The ban, which will deny the Russian men’s team an opportunity to qualify for November’s 2022 World Cup, could be challenged before the Court of Arbitration for Sport (CAS), which recently sided with Russia in the doping/eligibility dispute involving Russian figure skater Kamila Valieva at the Beijing Winter Olympics.
In a joint FIFA-UEFA statement, the two organizations said the sport “is fully united here and in full solidarity with all the people affected in Ukraine.” The statement added an expression for “hope that the situation in Ukraine will improve significantly and rapidly so that football can again be a vector for unity and peace amongst people.”
As of Sunday, FIFA had not planned to ban Russia. Instead, it preferred less severe measures, including a ban on Russia’s anthem and prohibiting the country from hosting international matches. But the situation changed over the last 24 hours. The Czech Republic, Poland and Sweden national teams signaled they would not play Russia in the upcoming World Cup playoff. Also, the International Olympic Committee urged sports governing bodies to deny participation by Russian athletes and officials.
Although an extraordinary penalty, a FIFA ban of a country’s teams over that country’s governmental activities is not unprecedented.
FIFA banned South Africa in 1974 and Rhodesia in 1970 partly over those countries’ white supremacist laws and policies. Thirty years ago, FIFA banned the Yugoslavian federation for human rights violations and war crimes that occurred during the Balkan War. FIFA has also issued national bans for competition or team related matters. For instance, in 1988, FIFA suspended the Mexican Federation of Association Football for using over-age players on its youth championship team. Last year, FIFA banned Chad over interference by government officials with the team and lifted the ban six months later.
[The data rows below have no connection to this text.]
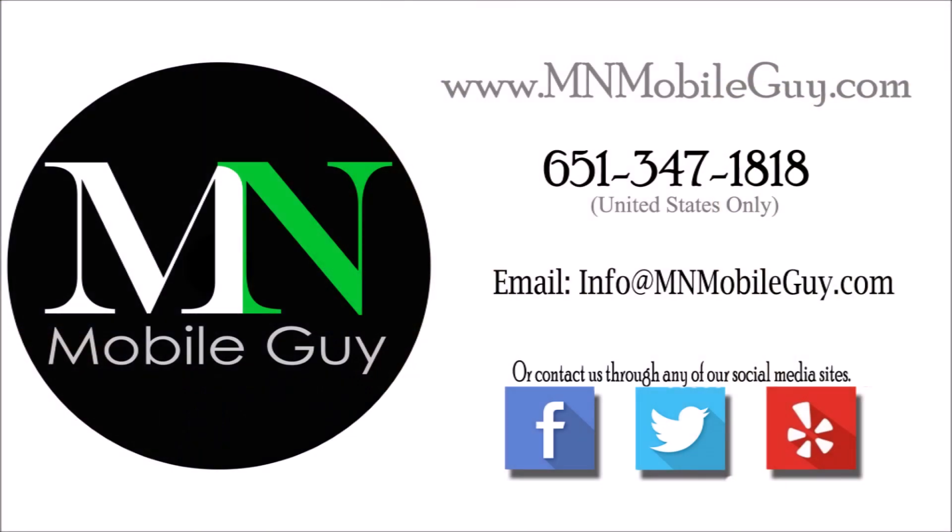Y para todos ustedes hispanohablantes, nosotros también hablamos español, así que ustedes también nos pueden contactar sin duda. Thanks so much for watching everyone and have a great rest of your day.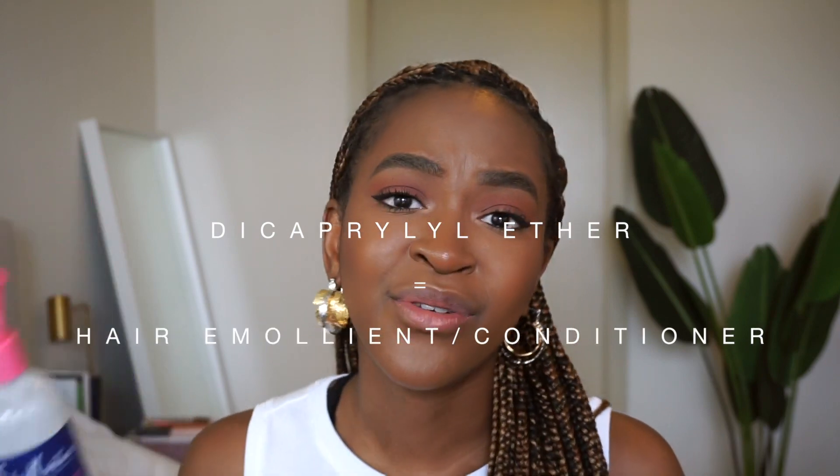Number five is dicapryl ether — I had no idea what that is. So out of the five ingredients I was definitely able to recognize two, was familiar with another two, and the fifth one I had no idea. That said, you don't have to memorize all ingredients — just familiarize yourself enough to know what they'll do for you. This product is silicone-free so no buildup, it has humectants, the main ingredient is water so it's really going to moisturize my hair, and it has fatty alcohols and fatty substances to help provide manageability.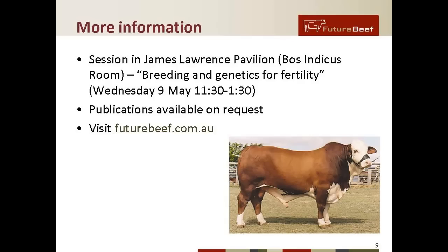For more information, there is a session at Beef 2012 in the James Lawrence Pavilion on breeding and genetics for fertility on Wednesday the 9th of May from 11:30 to 1:30. Publications are available on request. A lot of this information is on the Future Beef website at www.futurebeef.com.au, and you can contact local Future Beef extension staff.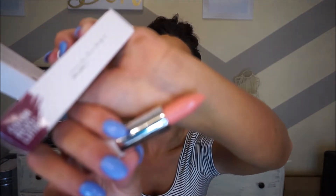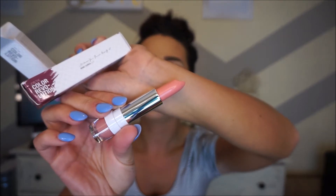I also got their classic lipstick in Soft Touch, which is one of their most popular lipsticks ever. It's a nude pink with a peach undertone — really cute and looks great with tanned skin.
FIFA statutes, which govern the legal relationship between member countries and FIFA, authorize FIFA to cite governmental activities as lawful grounds to ban a country. The statutes ban “discrimination of any kind against a country, private person or group of people” on account of national origin and other demographic categories. Member associations are also expected to engage in good governance and be independent of political interference.
As a FIFA member, Russia can appeal the suspension to CAS, an arbitrational body empowered by FIFA statutes to oversee legal challenges. The appeal would be heard by a three-person panel.
Russia could argue that nowhere in the FIFA statutes is there language that specifically authorizes a ban for military action or foreign policy. Russia might emphasize that its national teams, while overseen by government entities, have no suasion over those matters. Russia could further maintain that its teams have long adhered to sports-related rules that FIFA doesn’t contest—FIFA is only objecting to military action and foreign policy. In addition, Russia might insist that FIFA banning a team over the politics of its country is itself a form of discrimination or political interference.
Sportico interviewed Paul Greene, the founder of Global Sports Advocates, who has represented athletes from more than 50 countries and more than 50 sports in matters before CAS and other tribunals.
“FIFA was under enormous pressure,” Greene opined, and “backpeddled from its position on Sunday, when it refused to endorse a ban. FIFA was stuck in a corner and had to act decisively.”
Greene believes Russia will probably appeal but is skeptical of its chances.
The Russian Football Union, Greene predicts, “will argue that it is not the government, and it didn’t attack Ukraine, but FIFA statutes make clear that FIFA has wide discretion in suspending members.”
He adds, “FIFA did not expel Russia, which would have a higher bar.”
Green believes “there is enough authority under FIFA rules for a CAS panel to uphold the suspension. The Russian Federation will face a huge uphill battle in appealing to CAS.”